::: Materials provided

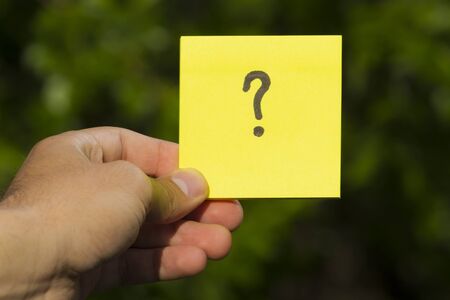 Sticker with a question mark in hand with copy space for text or inscription. Concept: what, where...
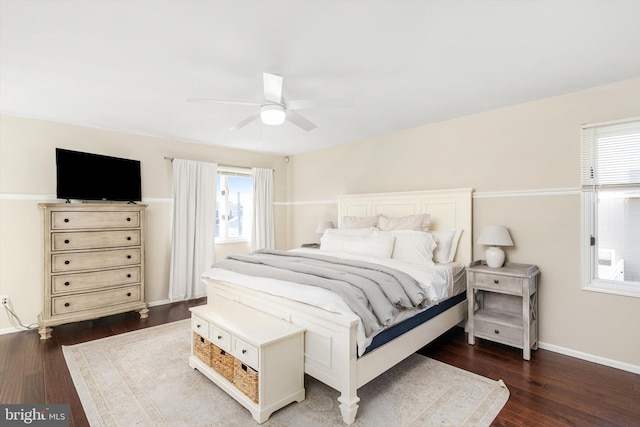 bedroom with multiple windows, baseboards, and wood finished floors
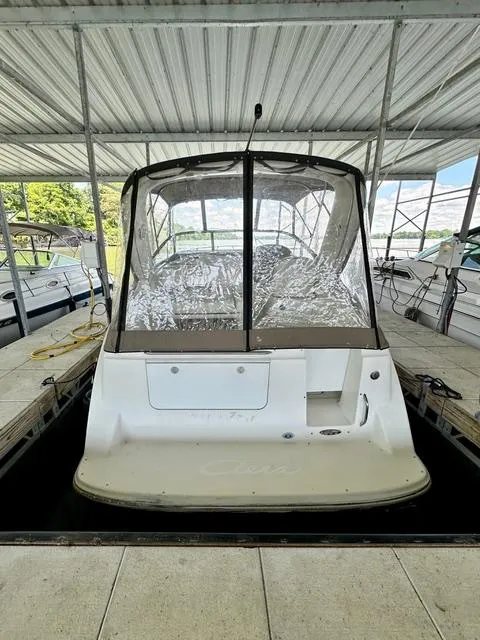 Slide: The Image of 2001 Bayliner 2855 Ciera boat docked under a metal canopy. - 3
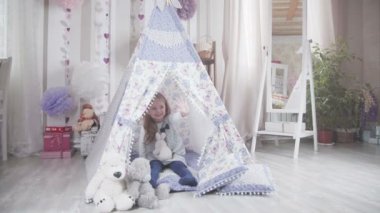 DIY çadırda yumuşak oyuncaklar ile sarışın saçlı küçük şirin kız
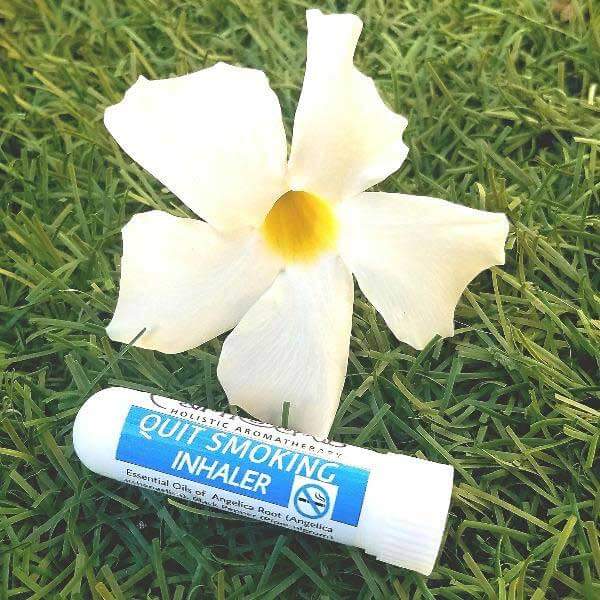 Aromatherapy quit smoking inhaler with essential oils beside a white flower on grass.
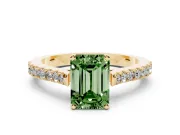 Fancy Green Emerald Cut Diamond Solitaire Engagement Ring Set in Yellow gold with Delicate Pavé Band and Prong Setting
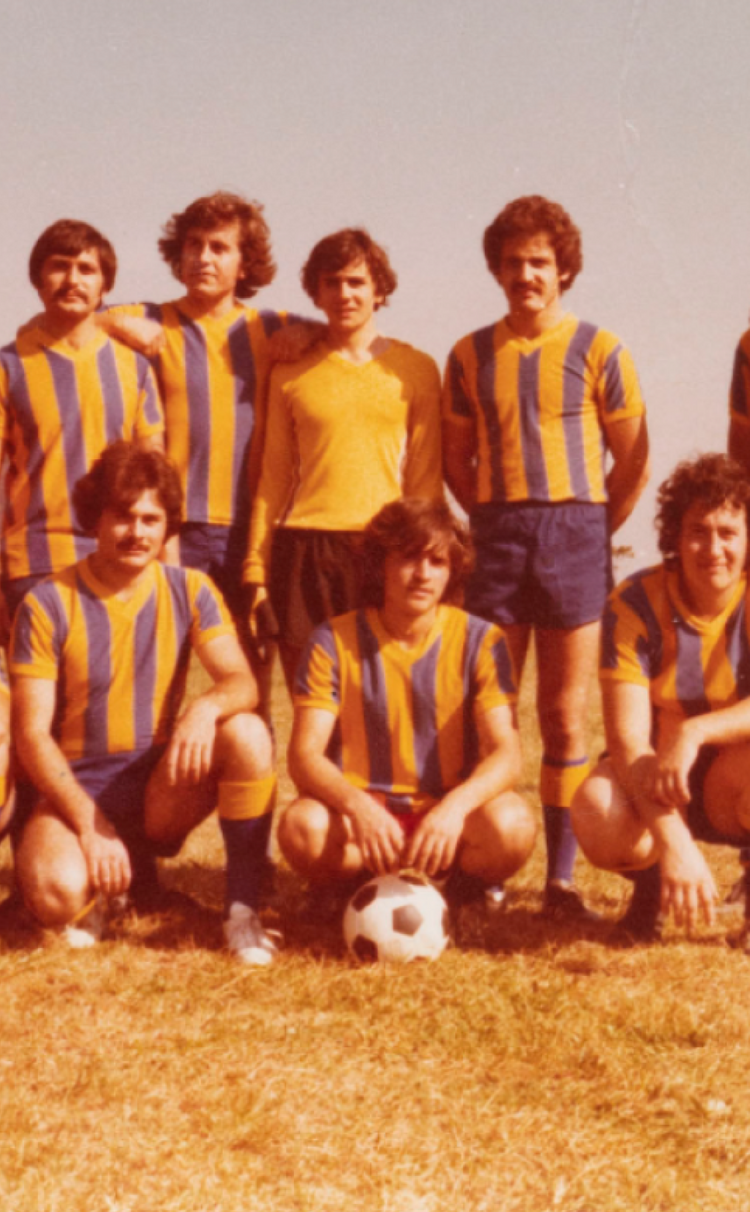 Mens soccer team posing for photo on a field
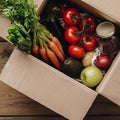 Food selection in paper box: fruit, vegetable, herbs, legumes, cereals, leaf vegetable on wooden background Royalty Free Stock Photo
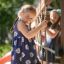 Two girls playing on Gorilla Nature playground set.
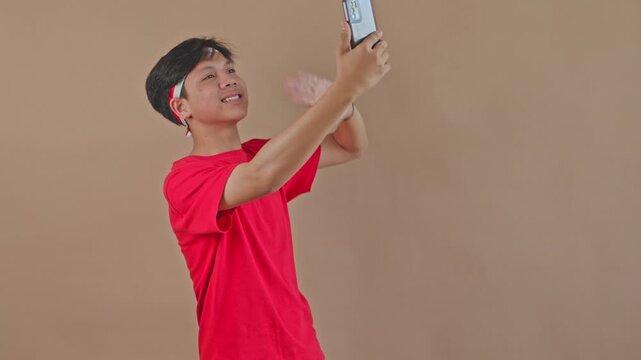Happy male youth greeting followers during Independence Day mobile broadcast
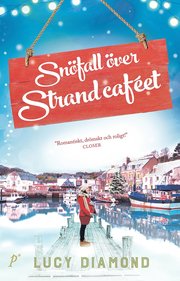 Snöfall över strandcaféet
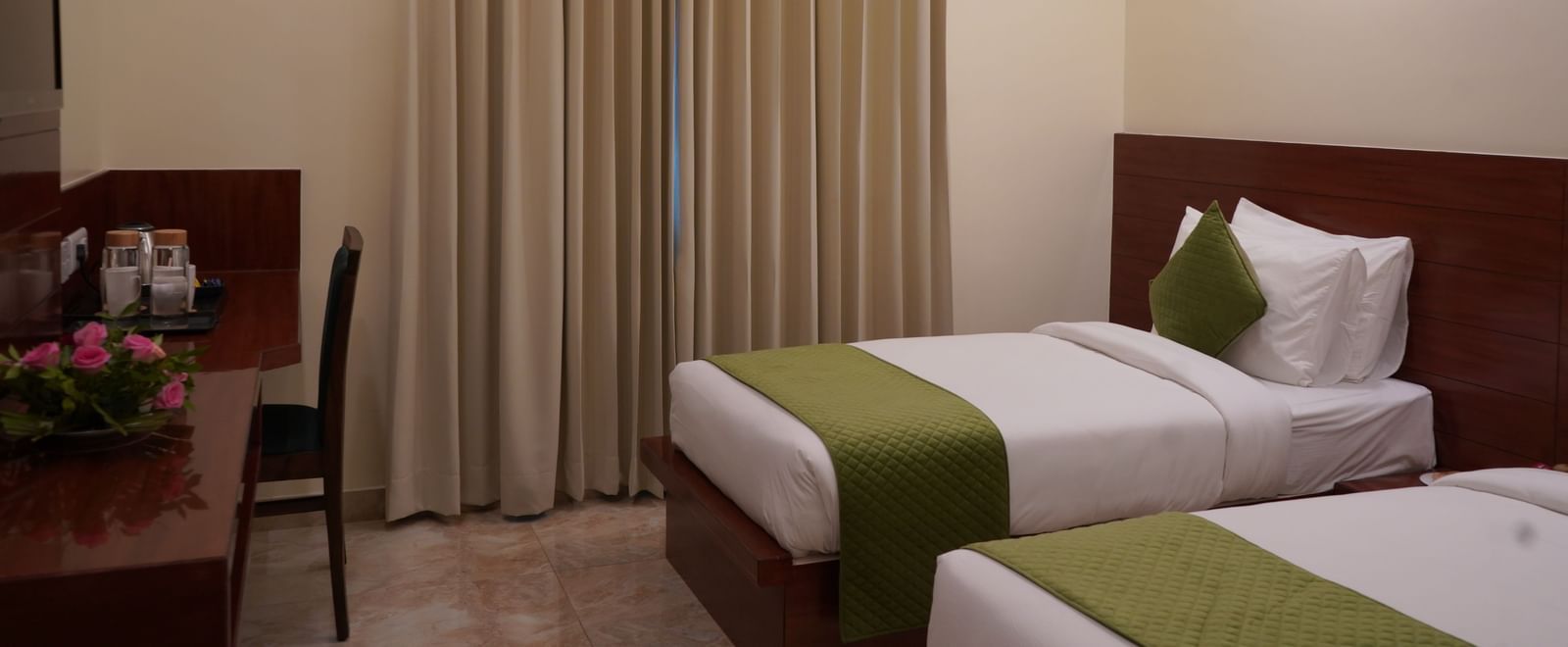 A wide shot of a hotel room with two single beds. The beds have white comforters with green accents and are separated by a small table.
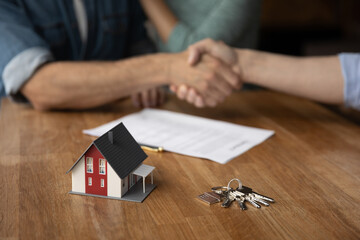 Close up focus on small house model and keys on table near paper contract agreement with client...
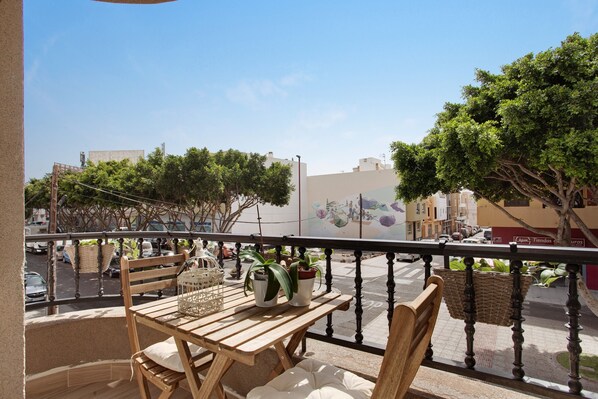 A balcony with a wooden table and chairs, potted plants, and a view of the street and buildings.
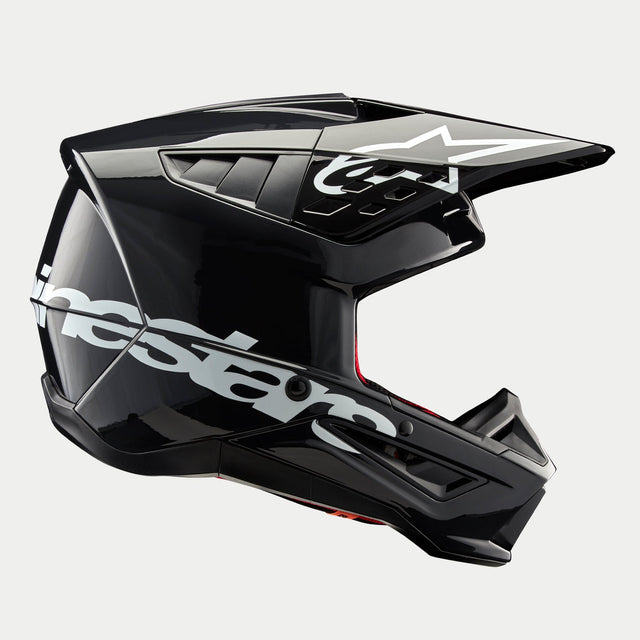 Casque Alpinestars S-M5 Corp, casque de motocross, gris foncé brillant, vue de profil avec un grand logo Alpinestars blanc, logo d'étoile blanche sur la visière, aérations aérodynamiques profilées, finition brillante, protection pour la course tout-terrain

::::::

> _Task objective_
Every line from the one with "Happy male youth" to the end of the records above should be restated word for word, and no picture belongs in the copy.

> _Result_
Happy male youth greeting followers during Independence Day mobile broadcast
 Snöfall över strandcaféet
 A wide shot of a hotel room with two single beds. The beds have white comforters with green accents and are separated by a small table.
 Close up focus on small house model and keys on table near paper contract agreement with client...
 A balcony with a wooden table and chairs, potted plants, and a view of the street and buildings.
 Casque Alpinestars S-M5 Corp, casque de motocross, gris foncé brillant, vue de profil avec un grand logo Alpinestars blanc, logo d'étoile blanche sur la visière, aérations aérodynamiques profilées, finition brillante, protection pour la course tout-terrain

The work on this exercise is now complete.